Hi @daper, I'll see if I can reproduce this. In the meantime, can you try upgrading to version v0.25.0 of the operator? Thanks!

daper commented 2 years ago

@rlankfo I've upgraded the agent, when I lift the operator to v.0.25.0, produces the following error and restarts itself:

grafana-agent-operator-dc85dc7b6-p844l grafana-agent-operator level=info ts=2022-06-13T15:03:30.325949224Z component=controller.grafanaagent msg="Starting Controller"
grafana-agent-operator-dc85dc7b6-p844l grafana-agent-operator level=error ts=2022-06-13T15:05:30.326233587Z component=controller.node msg="Could not wait for Cache to sync" err="failed to wait for node caches to sync: timed out waiting for cache to be synced"
grafana-agent-operator-dc85dc7b6-p844l grafana-agent-operator level=info ts=2022-06-13T15:05:30.326284402Z msg="Stopping and waiting for non leader election runnables"
grafana-agent-operator-dc85dc7b6-p844l grafana-agent-operator level=info ts=2022-06-13T15:05:30.326326107Z msg="Stopping and waiting for leader election runnables"
grafana-agent-operator-dc85dc7b6-p844l grafana-agent-operator level=error ts=2022-06-13T15:05:30.326497924Z component=controller.grafanaagent msg="Could not wait for Cache to sync" err="failed to wait for grafanaagent caches to sync: timed out waiting for cache to be synced"
grafana-agent-operator-dc85dc7b6-p844l grafana-agent-operator level=info ts=2022-06-13T15:05:30.326509037Z msg="Stopping and waiting for caches"
grafana-agent-operator-dc85dc7b6-p844l grafana-agent-operator level=error ts=2022-06-13T15:05:30.3265645Z msg="error received after stop sequence was engaged" err="failed to wait for grafanaagent caches to sync: timed out waiting for cache to be synced"
grafana-agent-operator-dc85dc7b6-p844l grafana-agent-operator level=info ts=2022-06-13T15:05:30.327016741Z msg="Stopping and waiting for webhooks"
grafana-agent-operator-dc85dc7b6-p844l grafana-agent-operator level=info ts=2022-06-13T15:05:30.327031636Z msg="Wait completed, proceeding to shutdown the manager"
grafana-agent-operator-dc85dc7b6-p844l grafana-agent-operator level=error ts=2022-06-13T15:05:30.327070765Z msg="problem running manager" err="failed to wait for node caches to sync: timed out waiting for cache to be synced"
- grafana-agent-operator-dc85dc7b6-p844l › grafana-agent-operator

Doesn't seem to be related...

rlankfo commented 2 years ago

hi @daper, the errors you're seeing look unrelated in v0.25.0; however, I was able to track down the main issue and create a PR to fix.

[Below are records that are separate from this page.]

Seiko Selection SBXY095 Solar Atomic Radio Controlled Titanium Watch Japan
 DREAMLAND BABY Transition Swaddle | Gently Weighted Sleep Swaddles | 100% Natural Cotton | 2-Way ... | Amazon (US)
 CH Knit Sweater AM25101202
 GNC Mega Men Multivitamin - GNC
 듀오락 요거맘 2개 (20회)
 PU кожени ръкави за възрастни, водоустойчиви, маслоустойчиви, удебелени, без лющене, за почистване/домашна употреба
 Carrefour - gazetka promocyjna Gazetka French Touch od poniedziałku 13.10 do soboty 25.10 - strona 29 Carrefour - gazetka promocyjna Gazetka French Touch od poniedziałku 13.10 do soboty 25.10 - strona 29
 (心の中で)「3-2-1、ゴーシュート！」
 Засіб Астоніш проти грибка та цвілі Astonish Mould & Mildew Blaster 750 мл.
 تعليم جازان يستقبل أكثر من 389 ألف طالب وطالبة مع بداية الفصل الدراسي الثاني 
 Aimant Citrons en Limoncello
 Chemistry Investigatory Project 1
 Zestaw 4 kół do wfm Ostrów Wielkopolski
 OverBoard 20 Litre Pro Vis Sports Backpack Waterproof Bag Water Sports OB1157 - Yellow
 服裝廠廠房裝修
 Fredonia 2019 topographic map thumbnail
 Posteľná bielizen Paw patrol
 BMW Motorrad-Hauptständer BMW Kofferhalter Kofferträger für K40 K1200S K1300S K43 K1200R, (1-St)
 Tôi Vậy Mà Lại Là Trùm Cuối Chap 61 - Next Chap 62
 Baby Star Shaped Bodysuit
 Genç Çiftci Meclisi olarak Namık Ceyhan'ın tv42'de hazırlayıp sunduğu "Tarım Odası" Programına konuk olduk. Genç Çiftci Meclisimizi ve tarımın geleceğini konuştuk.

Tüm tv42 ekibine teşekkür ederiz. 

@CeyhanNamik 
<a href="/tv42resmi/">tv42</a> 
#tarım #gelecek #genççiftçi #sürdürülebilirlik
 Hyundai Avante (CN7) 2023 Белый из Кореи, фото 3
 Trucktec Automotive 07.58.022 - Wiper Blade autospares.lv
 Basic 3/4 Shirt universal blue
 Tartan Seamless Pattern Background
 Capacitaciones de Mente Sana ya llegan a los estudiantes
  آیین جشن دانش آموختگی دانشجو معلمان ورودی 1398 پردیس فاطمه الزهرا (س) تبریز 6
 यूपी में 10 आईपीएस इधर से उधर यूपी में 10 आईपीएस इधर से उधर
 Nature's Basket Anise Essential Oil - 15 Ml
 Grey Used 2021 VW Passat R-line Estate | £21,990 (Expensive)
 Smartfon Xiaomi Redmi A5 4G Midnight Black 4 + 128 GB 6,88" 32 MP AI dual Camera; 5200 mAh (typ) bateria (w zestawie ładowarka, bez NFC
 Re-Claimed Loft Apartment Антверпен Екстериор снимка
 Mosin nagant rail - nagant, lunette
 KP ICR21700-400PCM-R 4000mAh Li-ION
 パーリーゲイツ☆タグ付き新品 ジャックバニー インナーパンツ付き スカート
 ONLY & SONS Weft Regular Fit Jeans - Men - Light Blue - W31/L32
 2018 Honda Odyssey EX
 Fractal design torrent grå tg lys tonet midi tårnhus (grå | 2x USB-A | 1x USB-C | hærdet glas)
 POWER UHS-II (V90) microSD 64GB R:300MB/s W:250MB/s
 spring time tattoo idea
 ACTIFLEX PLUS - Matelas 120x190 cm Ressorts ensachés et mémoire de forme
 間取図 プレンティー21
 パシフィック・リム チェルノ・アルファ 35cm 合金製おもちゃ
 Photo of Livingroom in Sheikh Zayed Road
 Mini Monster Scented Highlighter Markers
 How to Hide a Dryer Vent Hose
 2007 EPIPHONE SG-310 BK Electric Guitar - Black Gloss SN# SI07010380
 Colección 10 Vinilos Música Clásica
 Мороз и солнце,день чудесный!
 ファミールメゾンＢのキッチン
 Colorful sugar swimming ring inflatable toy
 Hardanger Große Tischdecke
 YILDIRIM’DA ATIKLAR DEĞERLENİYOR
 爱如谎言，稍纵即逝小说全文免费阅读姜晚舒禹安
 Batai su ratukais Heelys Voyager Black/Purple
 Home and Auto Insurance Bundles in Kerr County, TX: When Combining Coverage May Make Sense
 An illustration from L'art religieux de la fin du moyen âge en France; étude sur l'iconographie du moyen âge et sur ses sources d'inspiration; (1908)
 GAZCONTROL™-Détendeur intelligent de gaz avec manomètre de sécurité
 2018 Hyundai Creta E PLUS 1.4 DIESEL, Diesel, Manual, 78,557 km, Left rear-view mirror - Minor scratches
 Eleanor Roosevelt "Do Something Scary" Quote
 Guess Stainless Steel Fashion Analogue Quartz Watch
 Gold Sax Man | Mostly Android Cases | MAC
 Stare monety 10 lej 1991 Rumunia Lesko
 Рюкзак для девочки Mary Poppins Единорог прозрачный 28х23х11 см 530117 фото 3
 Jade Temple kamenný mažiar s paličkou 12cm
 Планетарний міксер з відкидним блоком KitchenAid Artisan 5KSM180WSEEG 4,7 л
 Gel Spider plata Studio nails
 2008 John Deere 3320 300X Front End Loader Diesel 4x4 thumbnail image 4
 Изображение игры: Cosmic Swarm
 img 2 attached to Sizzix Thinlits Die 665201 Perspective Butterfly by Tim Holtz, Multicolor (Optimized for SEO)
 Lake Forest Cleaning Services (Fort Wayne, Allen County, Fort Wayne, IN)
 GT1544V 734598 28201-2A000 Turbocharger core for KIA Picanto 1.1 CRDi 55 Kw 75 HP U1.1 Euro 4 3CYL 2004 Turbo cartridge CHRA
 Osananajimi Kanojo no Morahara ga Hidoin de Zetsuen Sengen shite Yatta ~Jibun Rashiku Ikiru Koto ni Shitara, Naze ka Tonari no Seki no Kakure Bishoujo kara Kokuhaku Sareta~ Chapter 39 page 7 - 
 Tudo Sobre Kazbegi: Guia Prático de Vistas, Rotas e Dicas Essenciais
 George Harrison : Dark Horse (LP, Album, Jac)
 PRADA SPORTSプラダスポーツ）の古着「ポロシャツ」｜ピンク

Until we're able to get a patch release out, you can workaround the problem by forcing the port number to be evaluated as a float for now by appending a period:

- job_name: ec2-exporter
  ec2_sd_configs:
    - region: eu-west-1
      port: 9100.
daper commented 2 years ago

Great! It worked :D Thank you @rlankfo!